> _INFORMATION SUPPLIED_
==============================

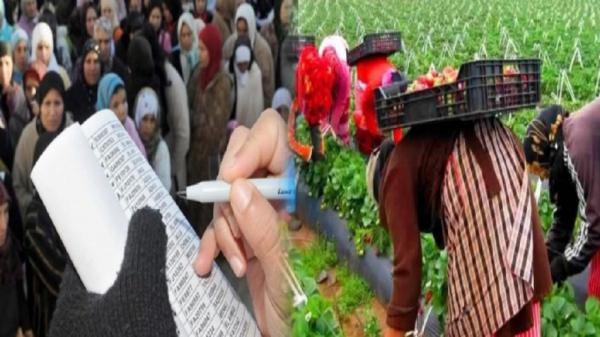 خبر هام بخصوص العاملات الفلاحيات المستفيدات من تراخيص العمل باسبانيا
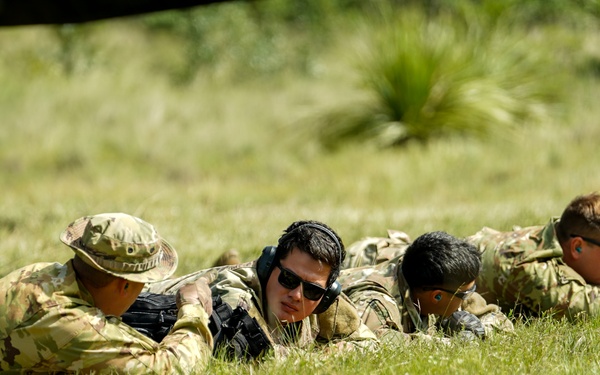 Joint service members participate in 'Operation Dustoff Vigilance'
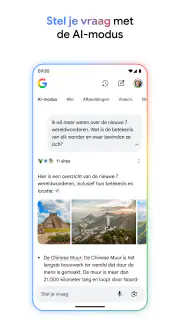 Google screenshot 2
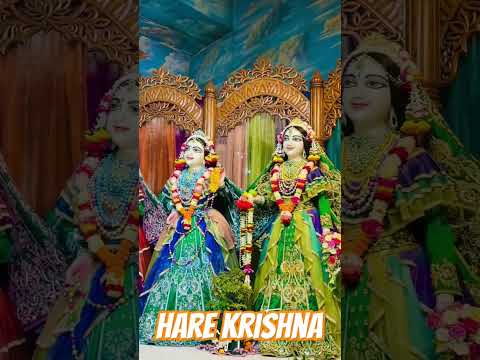 ➤ A wonderful Darshan of God❤️❤️🙏 #krishna #darshan #today#darshan#love#2025 #iskcon#song#shortvideo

==============================

> _EXERCISE REQUIREMENTS_
Return the data verbatim, leaving out the pictures it holds.

> _TASK OUTPUT_
 خبر هام بخصوص العاملات الفلاحيات المستفيدات من تراخيص العمل باسبانيا
 Joint service members participate in 'Operation Dustoff Vigilance'
 Google screenshot 2
 ➤ A wonderful Darshan of God❤️❤️🙏 #krishna #darshan #today#darshan#love#2025 #iskcon#song#shortvideo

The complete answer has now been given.